I've been noticing that the touch tones for sending commands to things like voicemail haven't been working for me lately if sent from the dialer. If I put a number after a "wait" in the voicemail number it works that way, but not if I press the number during the call. Has anyone else run into this problem and found a fix? I don't have the time to re-setup my entire phone now so any non-destructive methods would be appreciated


----------



## SlimSnoopOS (Jan 19, 2012)

Is this similar to say when you call a number then must press numbers on your dial pad to select different options? If so, try going to Phone/Call Settings and scroll to "DTMF Tones" and set that to"Long."


----------



## goblue13579 (Jul 10, 2012)

SlimSnoopOS said:


> Is this similar to say when you call a number then must press numbers on your dial pad to select different options? If so, try going to Phone/Call Settings and scroll to "DTMF Tones" and set that to"Long."


Yes, this is the same thing. And I don't have that setting on my phone, the only thing I have like that is "Dial pad touch tones" which just makes the sounds on my end. Would it be hiding somewhere else?


----------



## SlimSnoopOS (Jan 19, 2012)

goblue13579 said:


> Yes, this is the same thing. And I don't have that setting on my phone, the only thing I have like that is "Dial pad touch tones" which just makes the sounds on my end. Would it be hiding somewhere else?
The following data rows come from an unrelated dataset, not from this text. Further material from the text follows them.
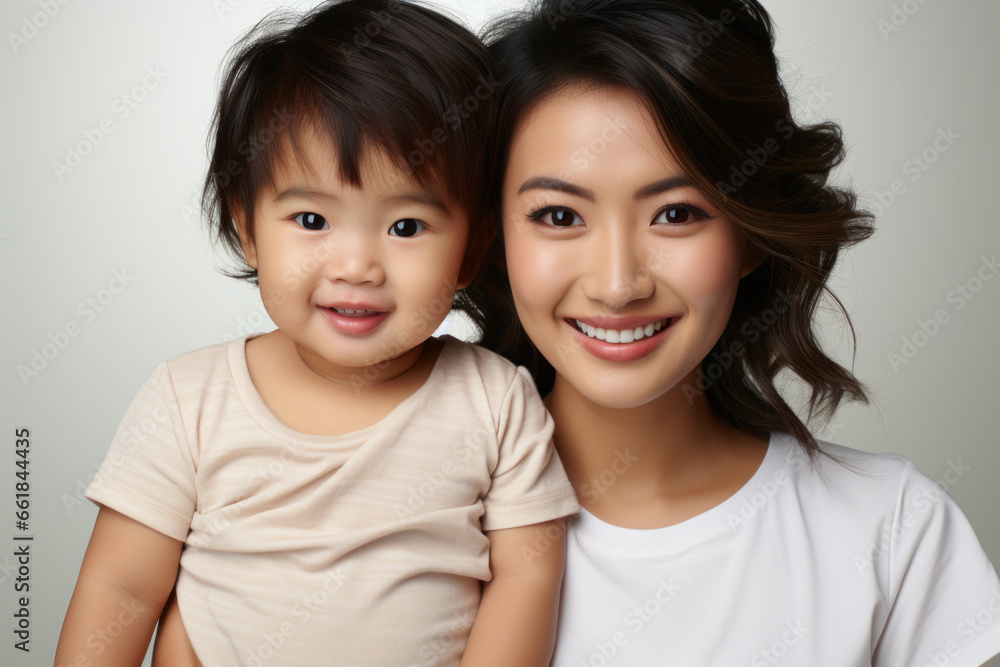 Mother holds her little daughter girl on white background Mother holds her little daughter girl on white background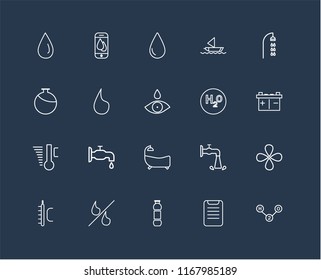 Set Of 20 black linear icons such as H2o, Clipboard, Water, Percent, Temperature, Shower, Bathtub, Drop, editable stroke vector icon pack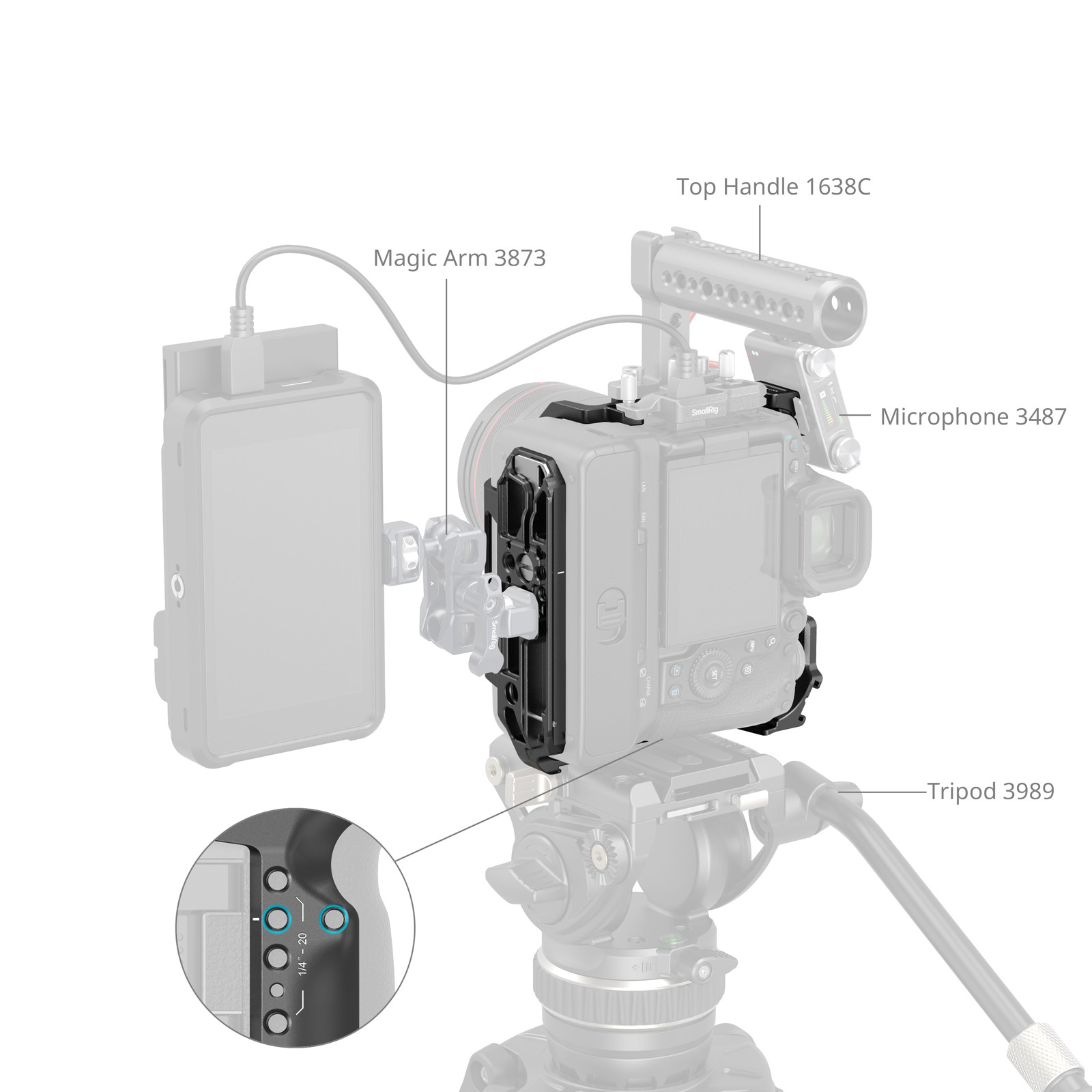 스몰리그 캐논 EOS R5 Mark II 케이지 CF-R20EP 쿨링팬 포함 5092 이미지 7
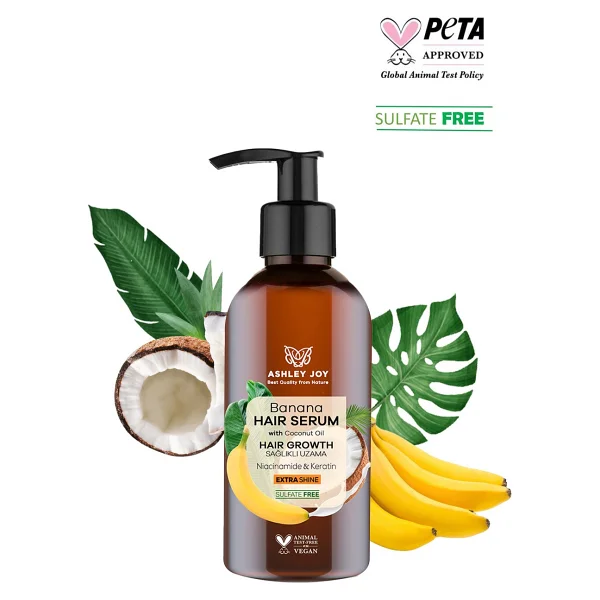 ASHLEY JOY Yavaş Uzayan Saçlara Özel Hızlı Uzamaya Yardımcı Vegan Keratin İçeren Banana Yoğun Bakım Seti - Görsel 5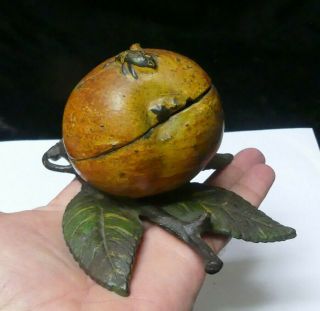 Antique Kyser & Rex Cast Iron Apple with Leaves and Insect Bug Bank 5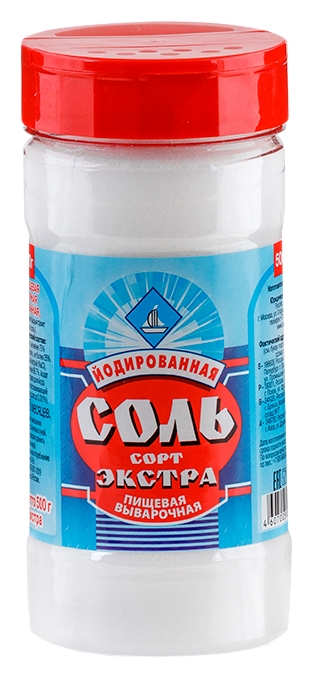 Соль выварочная йодированная пэт 500г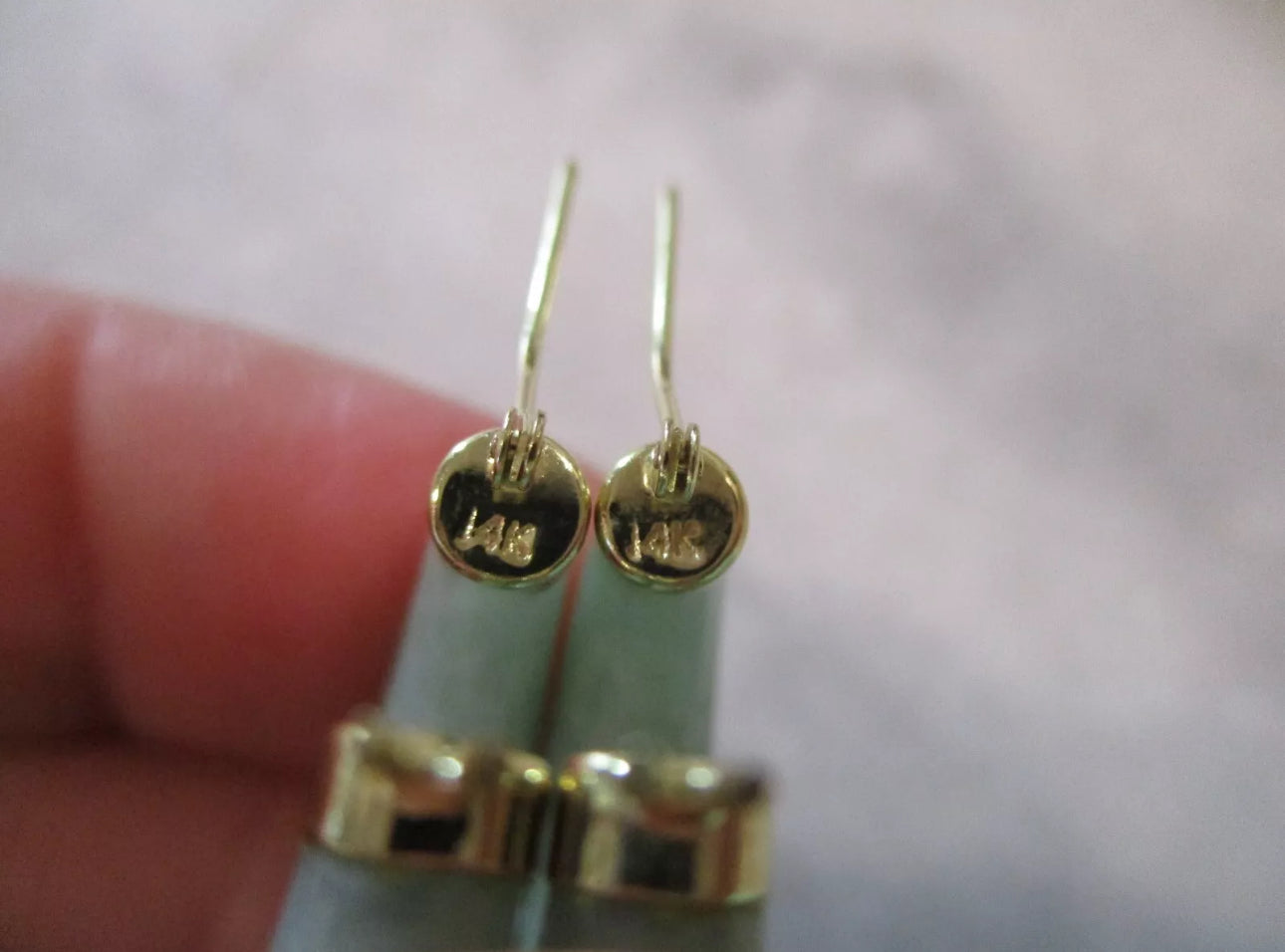 Vintage 14K Yellow Gold & Green Jade Hoop Earrings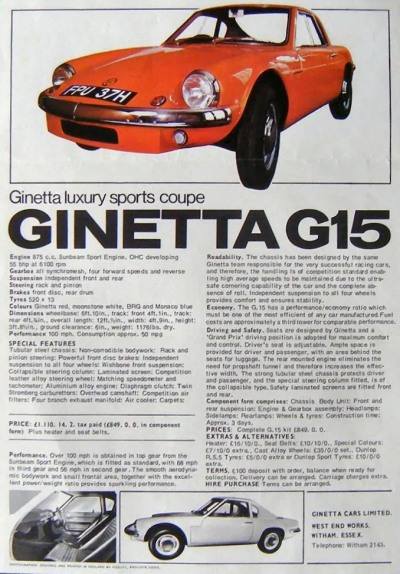 Ginetta G15 Technical Information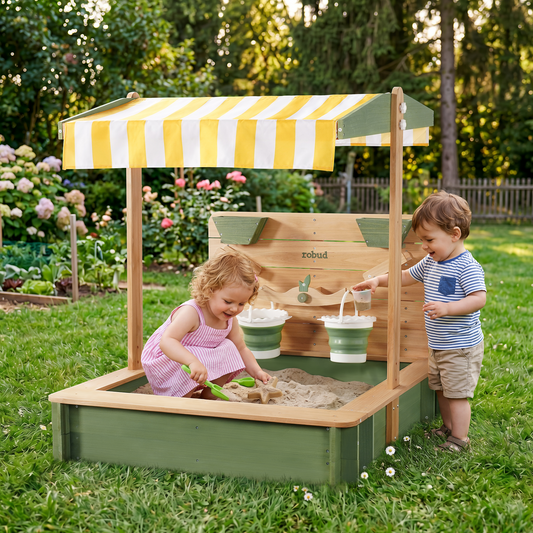 ROBUD Kids Wooden Outdoor Sandbox with 180° Adjustable Canopy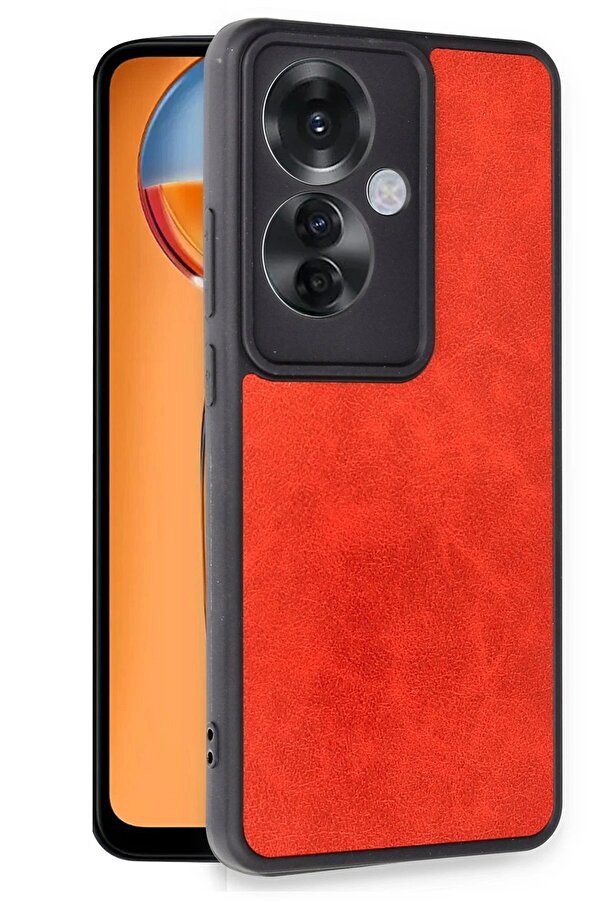 Oppo Reno 11F Kılıf Aras Deri̇ Kapak - Kırmızı - Dropx8871-8702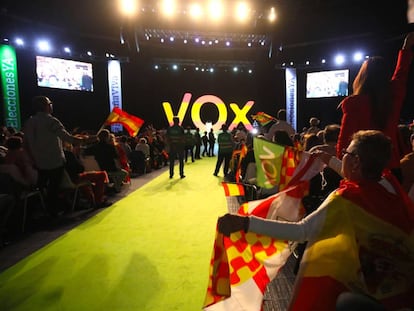 Mitin de Vox en el Palacio de Vistalegre (Madrid) el pasado 7 de octubre. 
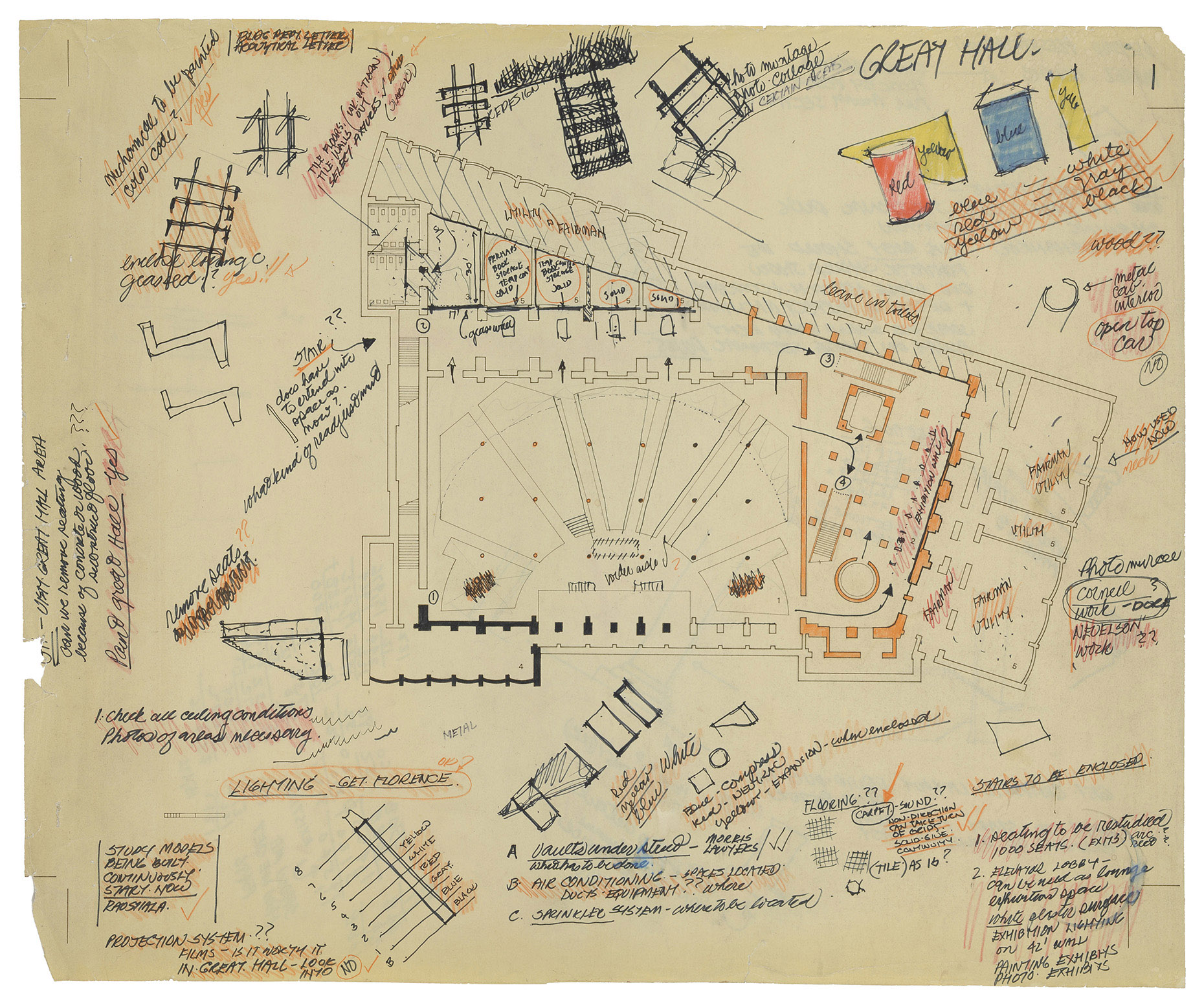 Transformaci&oacute;n interior del edificio fundacional de la Cooper Union: Planta s&oacute;tano del proceso de dise&ntilde;o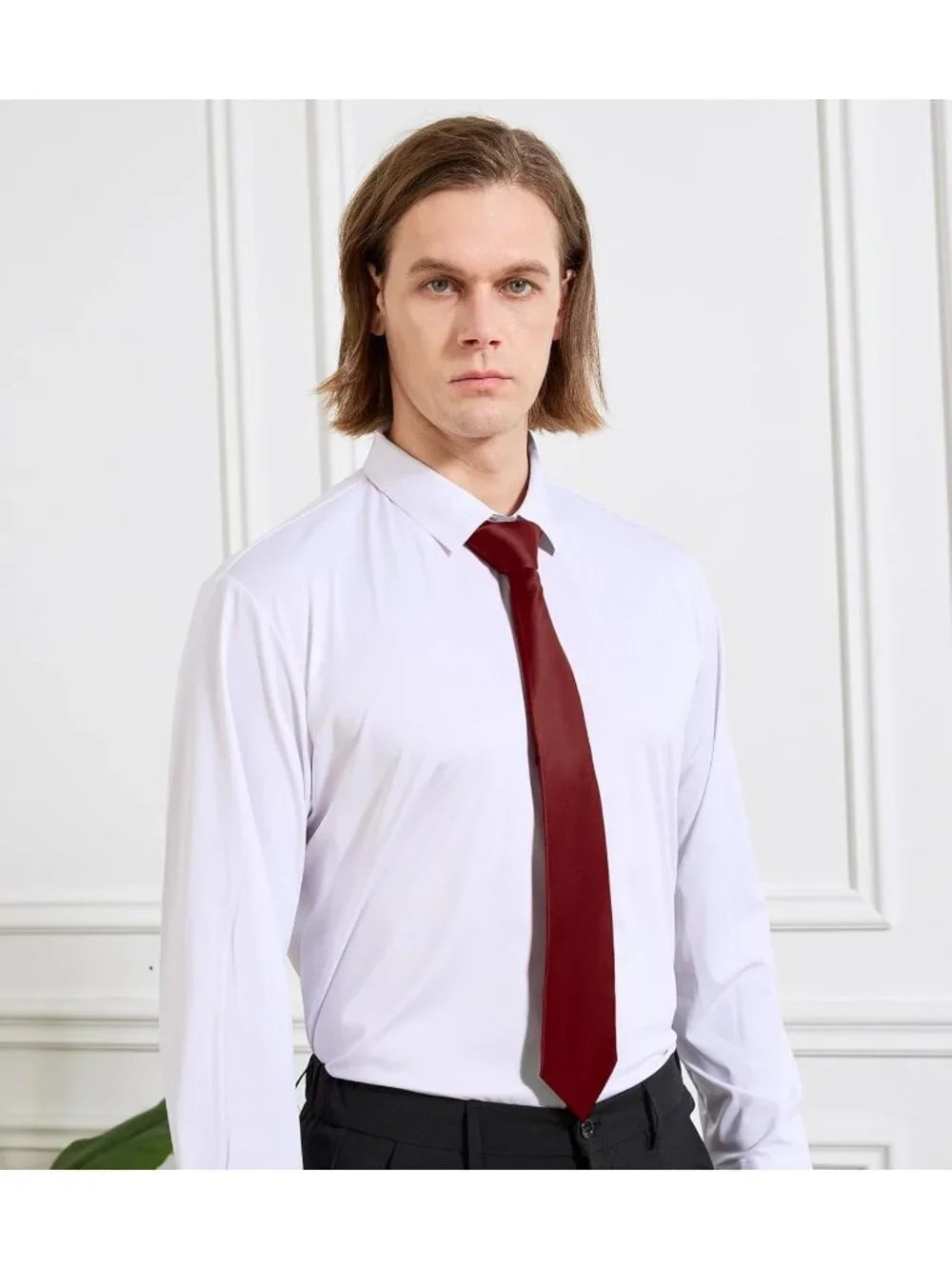 Men's Burgundy Solid Microfiber Plain Formal Silk Necktie For Business Dress Tie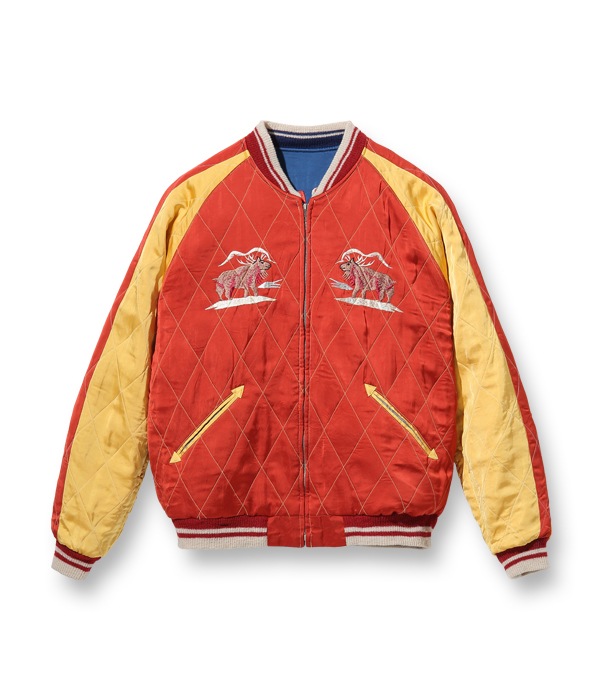 Lot No. TT14974-125 / Late 1950s Style Acetate �� Quilt Souvenir Jacket ��KOSHO & CO.�� Special Edition ��ALASKA MAP�� �� ��ALASKAN EAGLE�� (Reversible Side)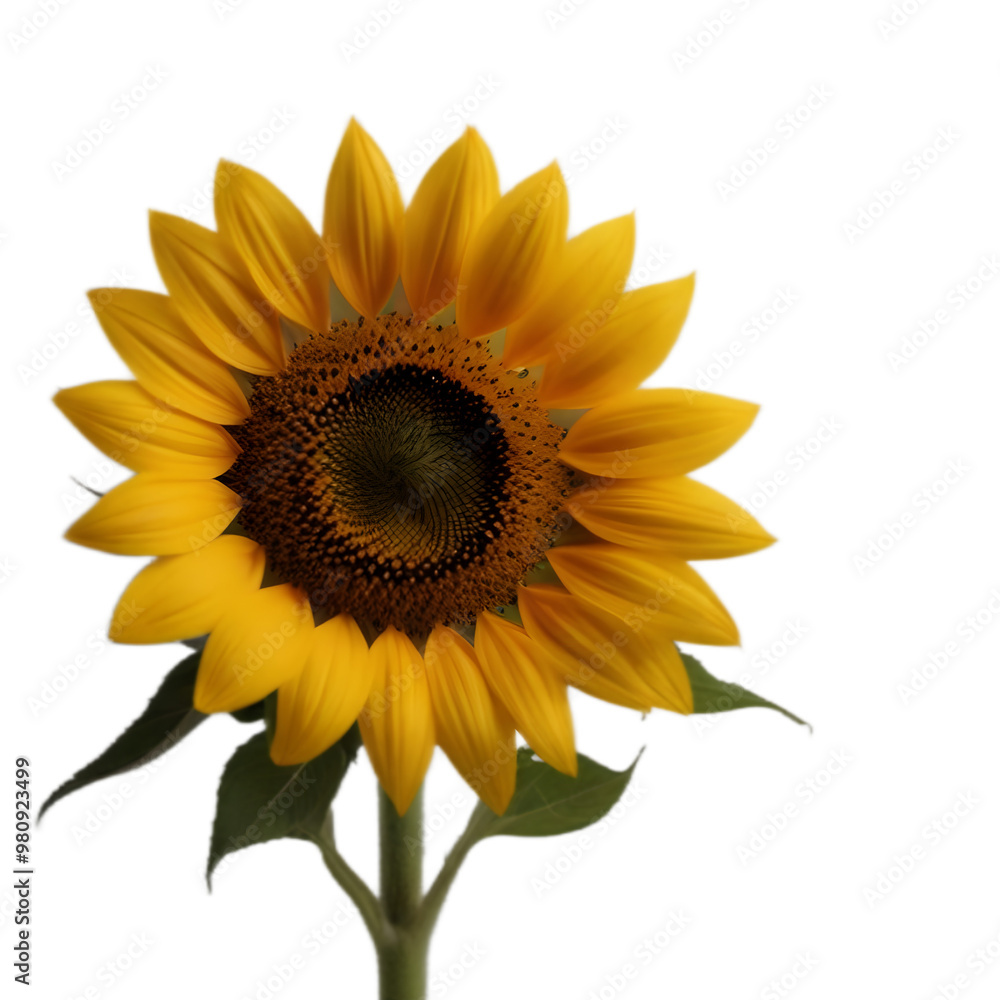 Fototapeta premium one sunflower isolated on transparent background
I just temp flashed CM10 Stable and you're right, there are no other Settings for DTMF tones. There isn't a native option within CM10 to change those like there is on TW. I'm not aware of another way to change those. Maybe try Dialer One (or another phone dialer replacement app in the Play Store) and see if it allows you to change DTMF tones. Aside from that, idk if you can change them while on CM.


----------



## mg386 (Jul 19, 2011)

goblue13579 said:


> I've been noticing that the touch tones for sending commands to things like voicemail haven't been working for me lately if sent from the dialer. If I put a number after a "wait" in the voicemail number it works that way, but not if I press the number during the call. Has anyone else run into this problem and found a fix? I don't have the time to re-setup my entire phone now so any non-destructive methods would be appreciated


This issue has been in cm since night lies began for d2vzw. U can't use the auto pin entry feature. Something about having the hold or pause in the dialer screws it up. Take out the hold/pause and reboot. Works fine after reboot as long as u enter pin manually and don't use hold/pause.


----------